The Stock Exchange of Hong Kong Limited (“SEHK”) on 29 June published (i) a consultation paper on backdoor listing, continuing listing criteria and other rule amendments; and (ii) the guidance letter on listed issuer’s suitability for continued listing (GL96-18).
In recent years, SEHK noted an increase in market activities relating to trading of, and creation of “shell companies”. The shell creation activities involve the listing of new applicants whose sizes and prospects do not appear to justify the cost or purpose associated with a public listing, and listed issuers, who take corporate actions to substantially scale down their original businesses, leaving behind very small operations for the purpose of meeting the continuing listing obligations.

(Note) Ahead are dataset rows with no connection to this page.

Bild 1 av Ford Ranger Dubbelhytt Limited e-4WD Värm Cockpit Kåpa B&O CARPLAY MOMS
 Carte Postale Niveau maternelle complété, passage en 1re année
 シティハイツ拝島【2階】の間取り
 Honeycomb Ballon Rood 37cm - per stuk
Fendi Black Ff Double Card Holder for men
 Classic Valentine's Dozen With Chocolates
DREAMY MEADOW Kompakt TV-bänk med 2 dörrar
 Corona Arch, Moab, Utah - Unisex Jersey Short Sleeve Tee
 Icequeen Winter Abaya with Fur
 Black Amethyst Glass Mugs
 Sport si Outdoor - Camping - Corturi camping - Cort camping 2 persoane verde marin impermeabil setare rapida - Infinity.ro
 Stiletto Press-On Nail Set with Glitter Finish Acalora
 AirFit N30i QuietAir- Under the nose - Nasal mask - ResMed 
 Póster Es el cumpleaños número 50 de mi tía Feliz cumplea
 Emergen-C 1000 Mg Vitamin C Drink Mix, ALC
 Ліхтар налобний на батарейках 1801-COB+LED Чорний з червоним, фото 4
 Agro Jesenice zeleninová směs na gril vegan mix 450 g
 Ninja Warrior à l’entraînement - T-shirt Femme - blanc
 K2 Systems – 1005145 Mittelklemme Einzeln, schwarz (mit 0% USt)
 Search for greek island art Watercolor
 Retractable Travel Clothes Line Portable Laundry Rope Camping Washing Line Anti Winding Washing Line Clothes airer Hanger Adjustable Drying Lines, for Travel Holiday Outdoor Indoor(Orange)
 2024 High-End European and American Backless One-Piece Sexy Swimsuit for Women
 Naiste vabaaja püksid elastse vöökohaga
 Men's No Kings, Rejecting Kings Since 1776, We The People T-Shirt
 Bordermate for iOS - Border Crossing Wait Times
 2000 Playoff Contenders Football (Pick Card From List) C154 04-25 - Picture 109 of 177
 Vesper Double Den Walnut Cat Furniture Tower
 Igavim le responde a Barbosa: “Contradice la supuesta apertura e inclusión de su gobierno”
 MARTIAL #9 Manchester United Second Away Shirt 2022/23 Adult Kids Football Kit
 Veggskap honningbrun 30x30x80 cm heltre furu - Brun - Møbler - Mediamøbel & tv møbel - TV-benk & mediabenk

To maintain a quality market and to curb the shell activities, SEHK proposes to tighten the reverse takeover (RTO) Rules and continuing listing criteria to address concerns about backdoor listings and shell activities. It has also published a guidance letter on listed issuer’s suitability for continued listing as above-mentioned.
The Company Law Committee of the Law Society agreed with most of the changes; it also made supplemental suggestions and comments thereto. The Committee considered that where listed issuers may appear as though they have been taking some evasive acts by using the “backdoor”, those issuers have to go through the same procedures as a new listing, i.e., RTO in the Listing Rules.